We procrastinate. We know it’s a bad idea, that it creates problems and crunch times for us, but still we do it. We put off things until they become crises, large or small, that we can’t put off anymore.  This keeps us functioning in crisis-mode, and that makes us minimally productive.  You’ve heard, the squeaky wheel gets the grease.  While that might work on your car, it’s not a great way to run your life.  Think about it.  You see something that needs doing.  You set it aside. You pick it up three or four times and then when it squeaks, you handle it.  You’ve wasted all that interim time—the seeing, setting aside, picking up and setting aside again and again.  Reclaim that time.  When you see something, handle it.  It’s done, off your desk and out of your mind.  Now you’re free to press on to something else.

 

We get distracted. We start out to do one thing and another intrudes and claims our attention. We let it and shift our focus to the new thing.  Typically this ends with a lot of time wasted and no task completed. Surely you’ve been zipping along and this terrific idea for a new project flits through your mind.  You stop working on your current project and follow the idea for the new project. Now you have two partial projects and no finished projects. Odds are good that before you finish either of them, you’ll get another new idea and flit to it.  Ideas are wonderful things, and we all get a million of them.  But we have to have the discipline to channel our energy to avoid leaving everything half-done. Yet we don’t want to ignore inspired new ideas. So stop the current project long enough to jot down the idea and then put it in a folder, a box, a file, an idea notebook—somewhere you can retrieve it from later—and then get back to your current project.  Finished projects are the objective.  Not partial projects left undone.  Finish, and then move on to a new idea and project.

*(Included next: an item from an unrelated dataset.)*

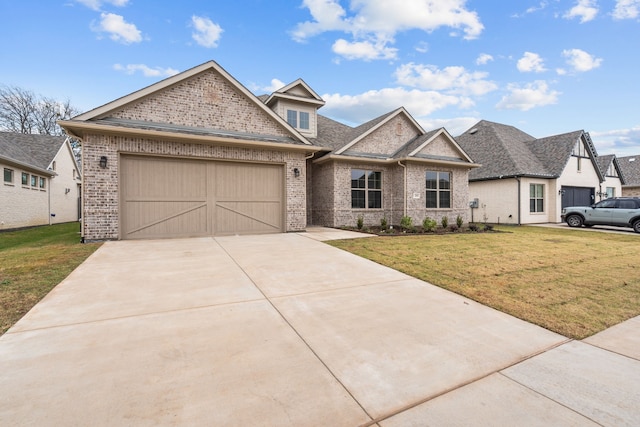 view of front of property with a front yard and a garage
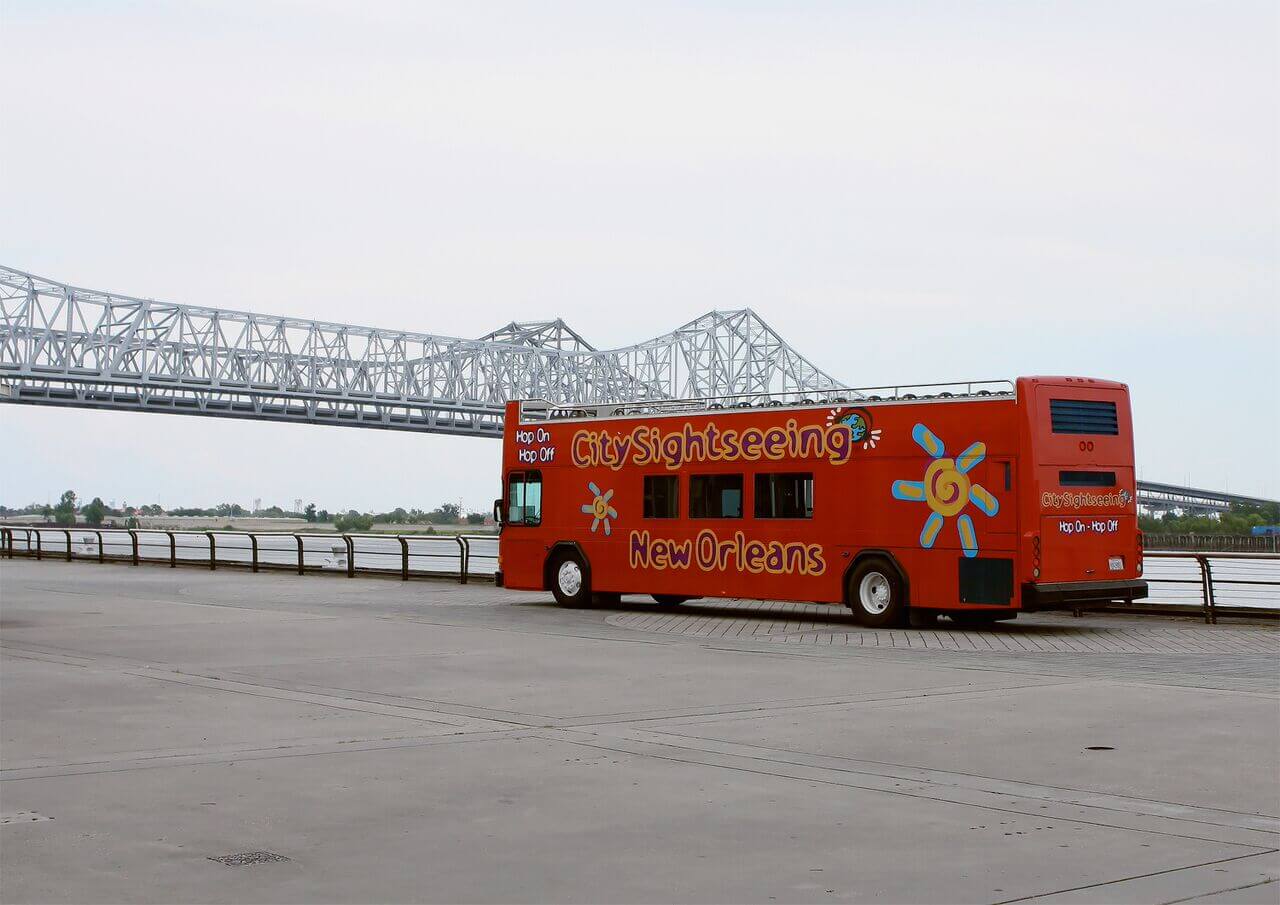 City Sightseeing hop-on hop-off tour bus parked along the New Orleans riverfront near the iconic Crescent City Connection bridge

We manage poorly. Many of us are creative sorts but we also must be or become business sorts. That’s easier for some than others, but hard or easy, it’s essential.  When we don’t work, we don’t eat.  If we’ve acquired a staff, the staff dependent upon us doesn’t eat either.  All the ancillary entities and people we support also go without.  So when we don’t perform well, our lack of performance impacts us and all these others. Poor management of time, energy and resources is a huge challenge for most people, particularly those in professions where there’s a high rate of unpredictability. Ones where change is the everyday norm. It best serves us to be flexible and serious stewards of our time, energy and resources to maximize potential for us and our work.  We depend on it.  So do others.

 

Mind your time.  In certain careers, like writing, for example, outsiders are misguided. They think writers have tons of free time.  They see a book or two a year and figure writers get to play for the other ten months a year.  They aren’t aware of all the indirect jobs writers do, or the other job requirements that come along with writing books.  Writers should, non-writers think, be able to volunteer for any and everything that comes along.  They’re working twelve to fourteen hour days, many of them six days a week, but only other writers realize it.  While some get regularly scheduled vacations and days off, writers don’t. Bluntly put, if they don’t produce, they have no income. It’s that simple.

 

 

Some of the best advice ever given me on protecting one’s time:

Do what you can, but don’t be tempted to overdo.  There are many worthy causes and many things we’d like to do, but we are one person and we must accept that.  We can do what we can do and then we can’t do anymore.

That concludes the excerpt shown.